### DATA EXTRACTS
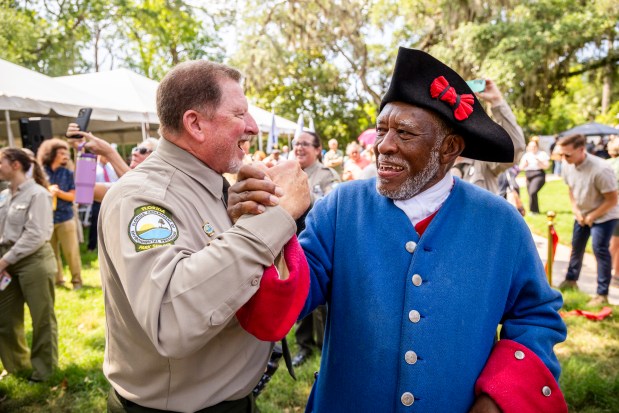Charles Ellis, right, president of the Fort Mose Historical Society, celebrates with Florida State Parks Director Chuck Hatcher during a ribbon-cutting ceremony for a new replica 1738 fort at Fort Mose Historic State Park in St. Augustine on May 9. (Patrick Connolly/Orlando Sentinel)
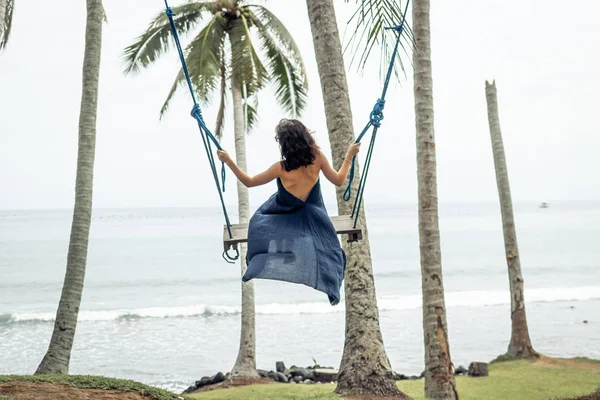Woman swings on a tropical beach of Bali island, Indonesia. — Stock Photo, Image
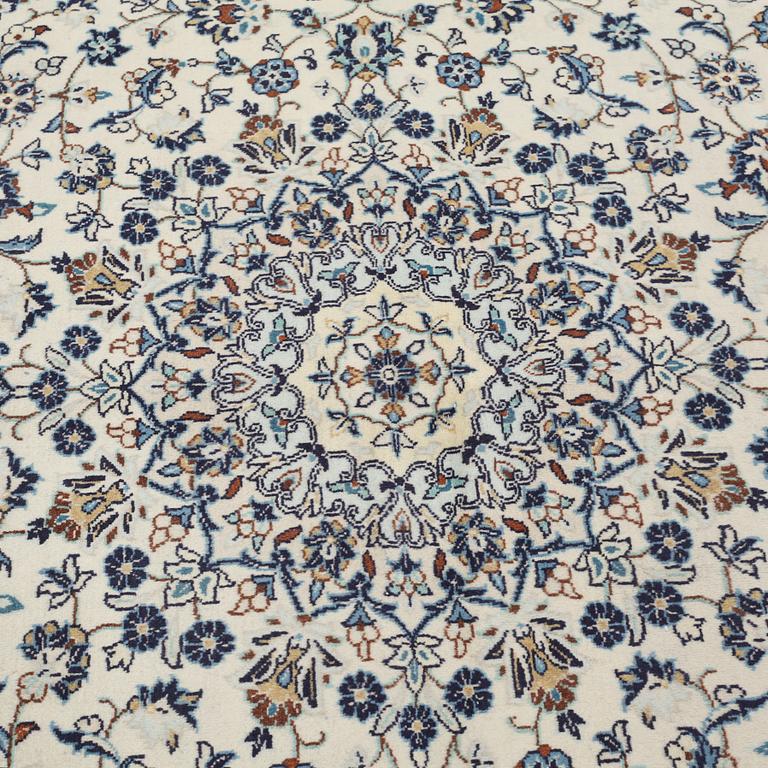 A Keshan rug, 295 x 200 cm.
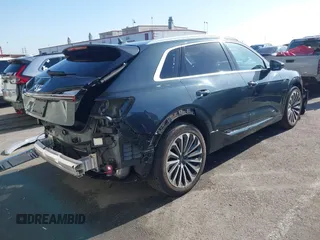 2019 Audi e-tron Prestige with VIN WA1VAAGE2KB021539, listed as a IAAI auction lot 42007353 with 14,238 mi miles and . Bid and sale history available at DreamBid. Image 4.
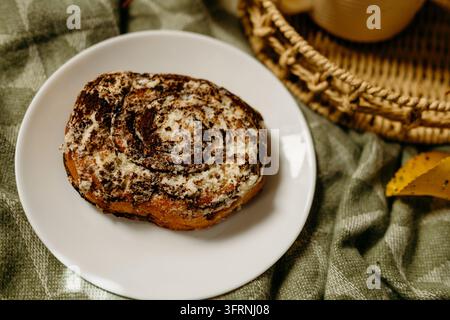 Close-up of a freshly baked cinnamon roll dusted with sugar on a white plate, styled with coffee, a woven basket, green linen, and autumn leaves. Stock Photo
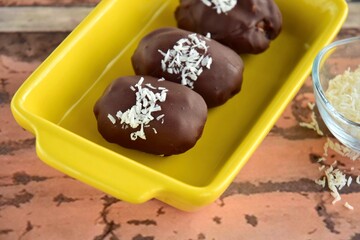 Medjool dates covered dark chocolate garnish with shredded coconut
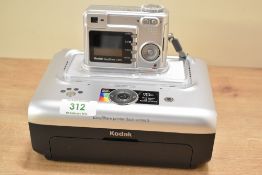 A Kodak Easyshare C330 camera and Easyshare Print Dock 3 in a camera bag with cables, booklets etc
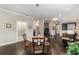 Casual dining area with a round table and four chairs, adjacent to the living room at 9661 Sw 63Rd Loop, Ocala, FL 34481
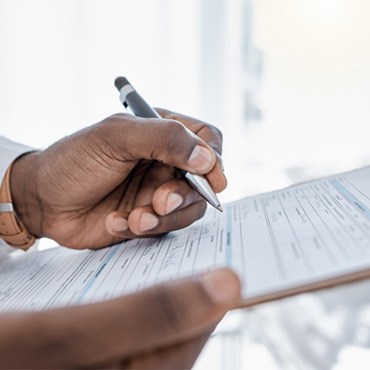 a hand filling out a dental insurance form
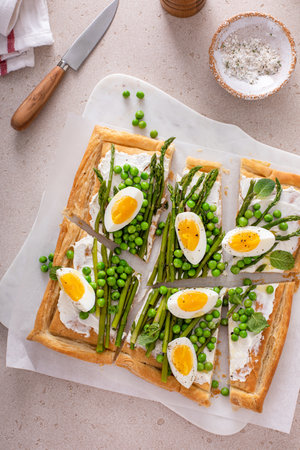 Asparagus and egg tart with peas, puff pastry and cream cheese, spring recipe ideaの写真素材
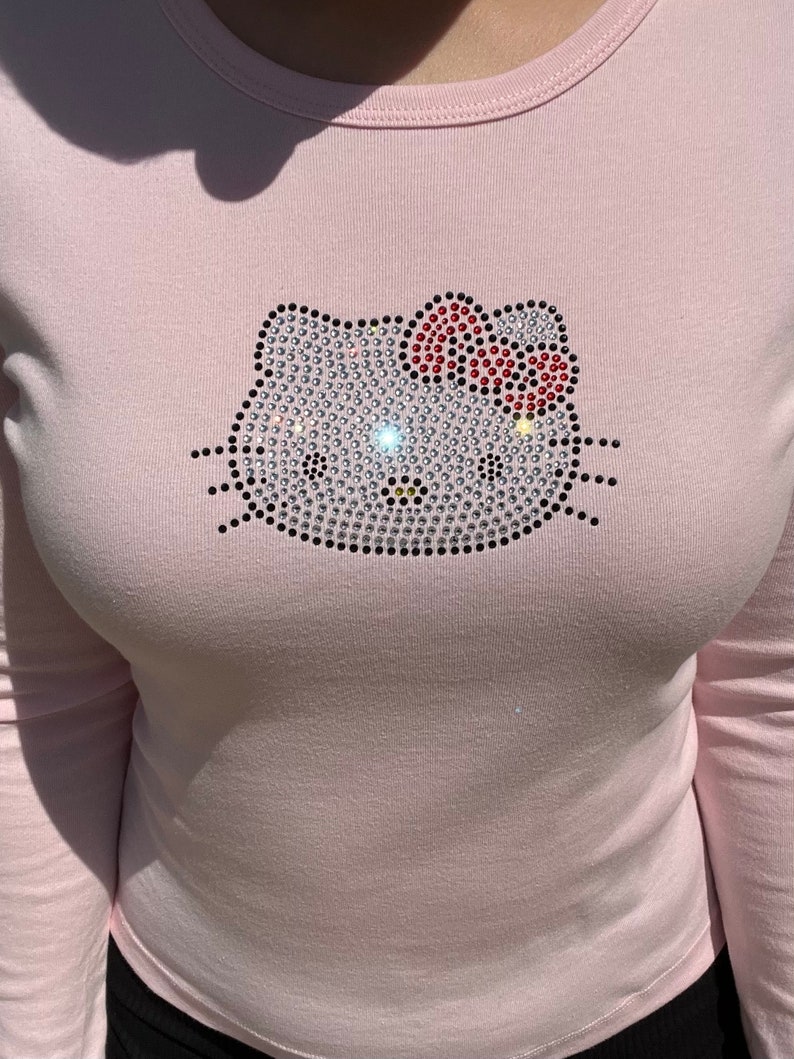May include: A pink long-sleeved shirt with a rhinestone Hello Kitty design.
######
### DATA EXTRACTS
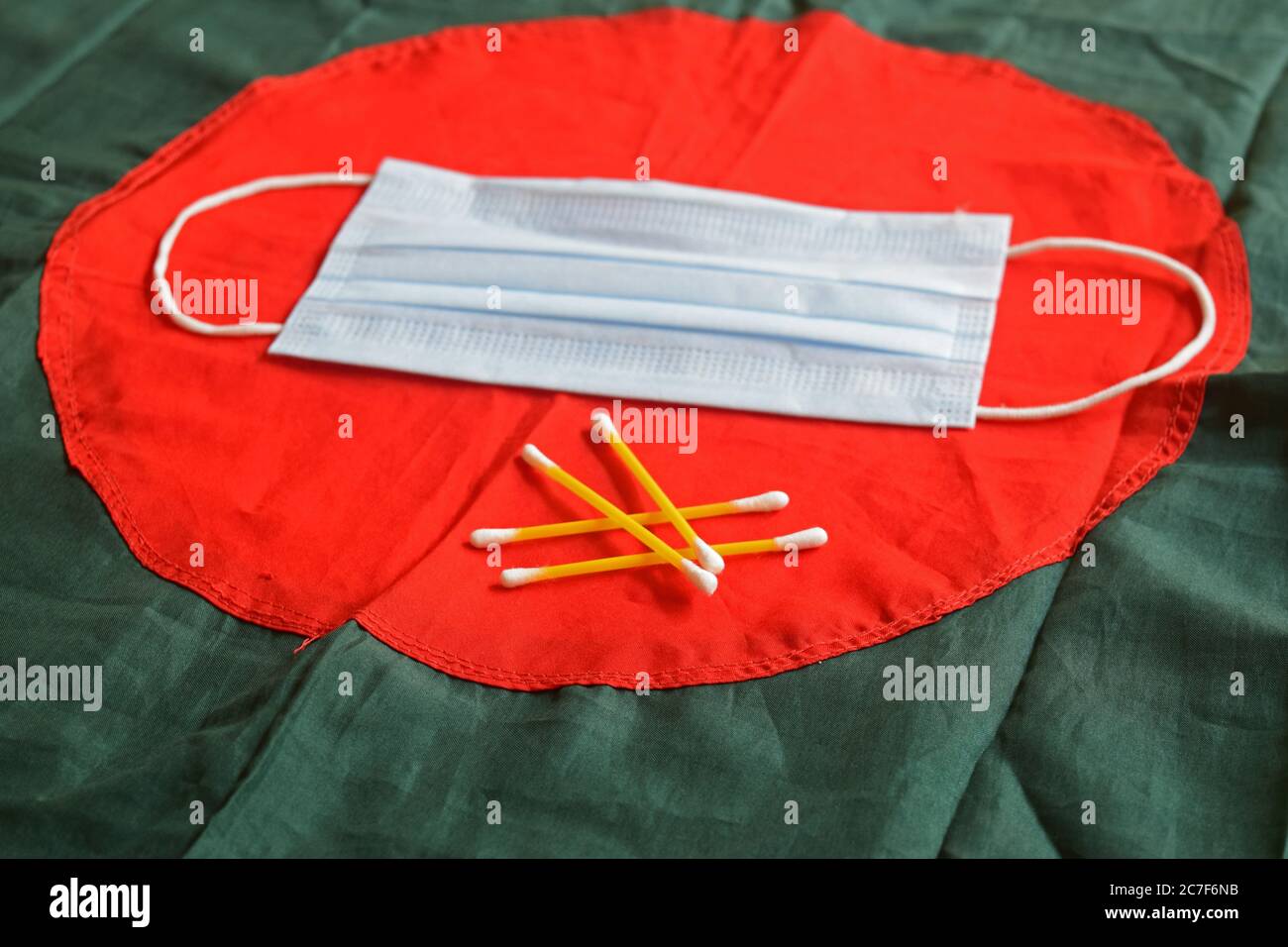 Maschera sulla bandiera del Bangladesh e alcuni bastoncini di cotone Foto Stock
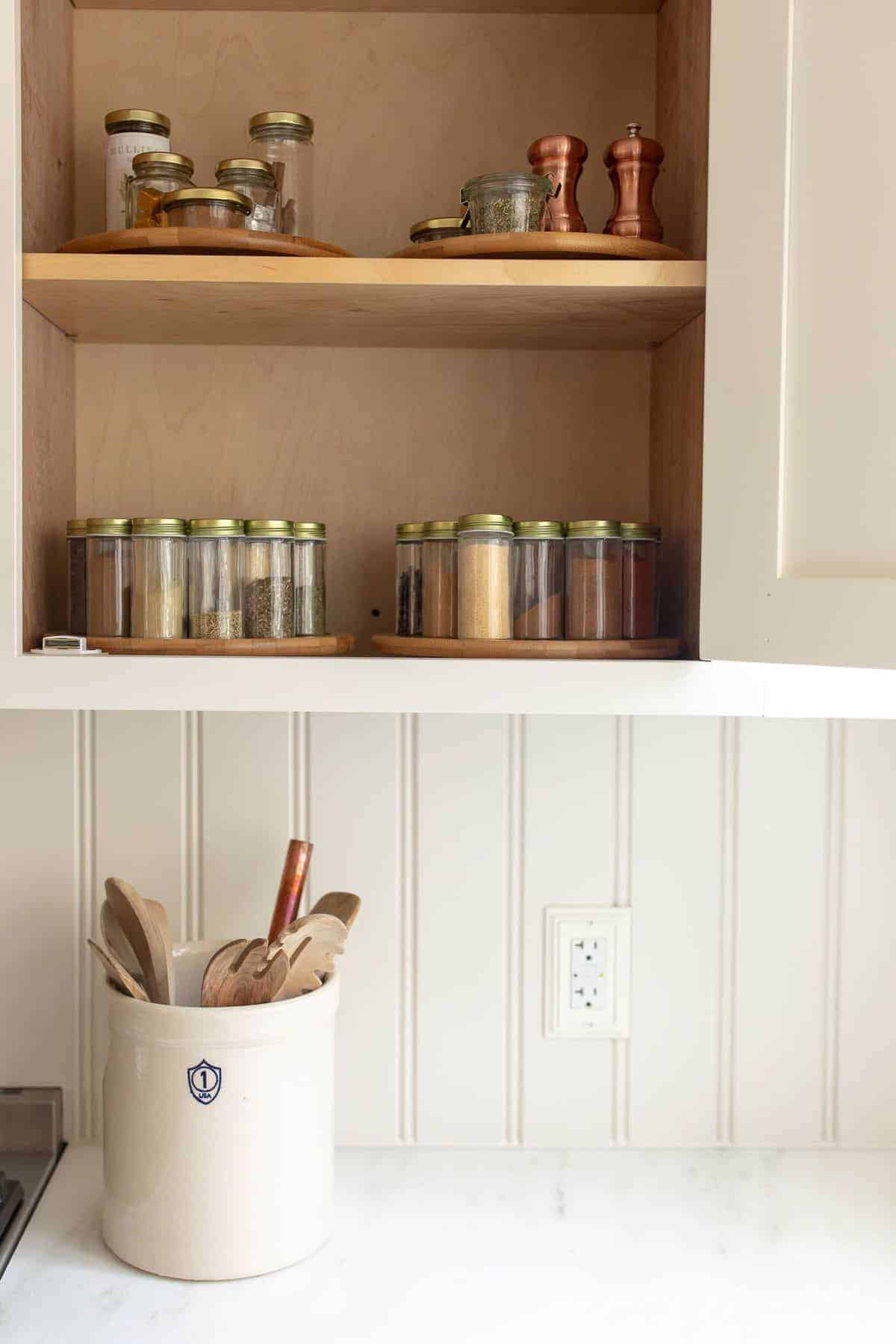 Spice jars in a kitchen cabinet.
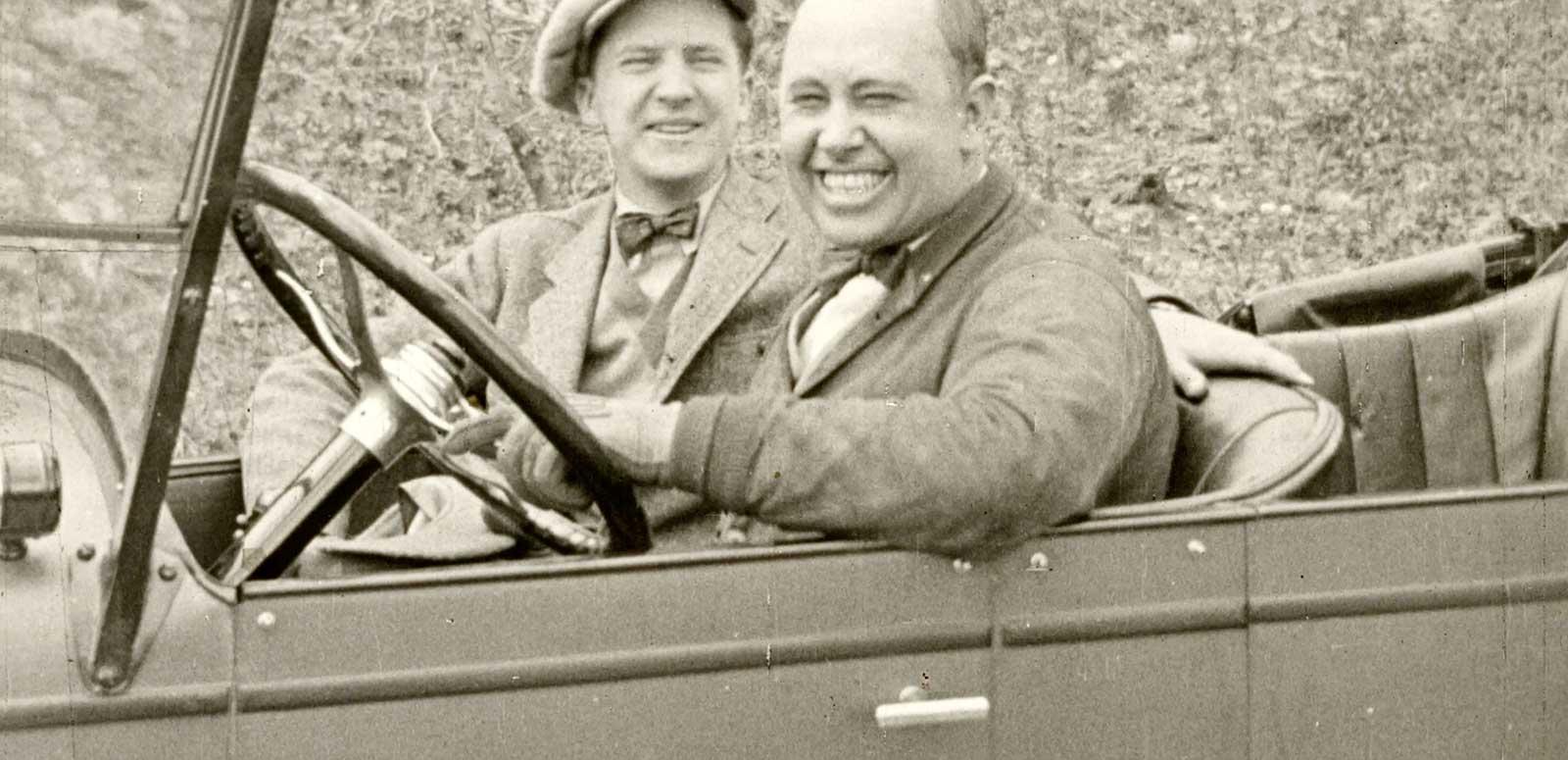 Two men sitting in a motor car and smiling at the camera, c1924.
######
- EXERCISE REQUIREMENTS -
Drop the pictures; return the lines above from the line containing "Maschera sulla bandiera" to the line containing "Two men sitting", both included, exactly.

- ANSWER FOR THE TASK -
 Maschera sulla bandiera del Bangladesh e alcuni bastoncini di cotone Foto Stock
 Spice jars in a kitchen cabinet.
 Two men sitting in a motor car and smiling at the camera, c1924.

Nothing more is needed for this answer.